AIM OF THE EXERCISE =>
Can you transcribe the data exactly? Leave the pictures out.

MATERIAL PROVIDED =>
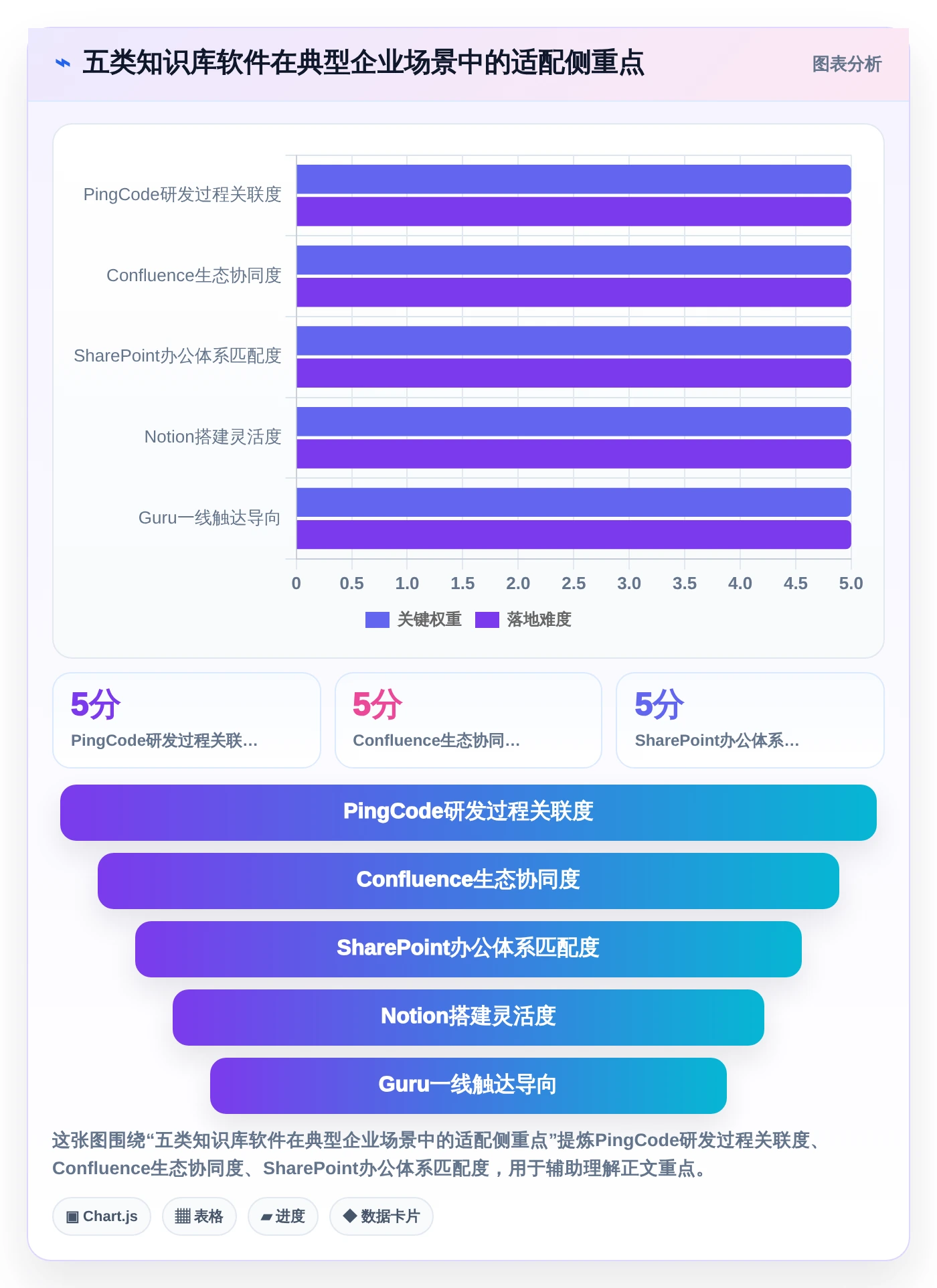 企业知识管理革新：2026年最值得投资的5大知识库对接软件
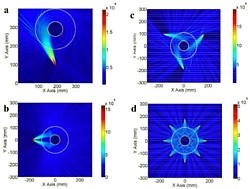 Omnidrectional Electromagnetic Absorber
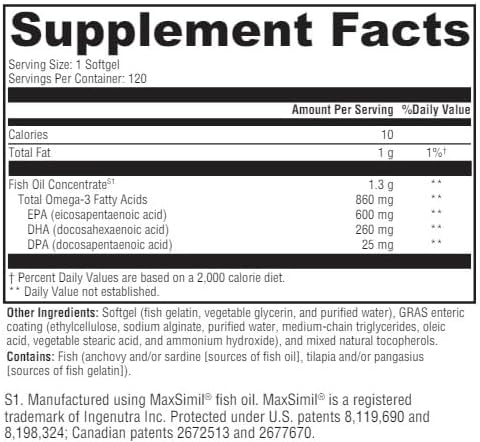 HormoneSynergy Omega 1300 EC Fish Oil Softgels - High-Strength Omega 3 Supplement with Enhanced Absorption - IFOS Verified Enteric Coated 600mg EPA 260mg DHA - 60 Count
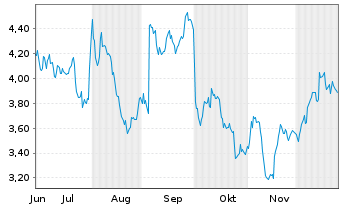 Chart Mini Future Short Sanofi - 6 Monate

RESPONSE AREA =>
 企业知识管理革新：2026年最值得投资的5大知识库对接软件
 Omnidrectional Electromagnetic Absorber
 HormoneSynergy Omega 1300 EC Fish Oil Softgels - High-Strength Omega 3 Supplement with Enhanced Absorption - IFOS Verified Enteric Coated 600mg EPA 260mg DHA - 60 Count
 Chart Mini Future Short Sanofi - 6 Monate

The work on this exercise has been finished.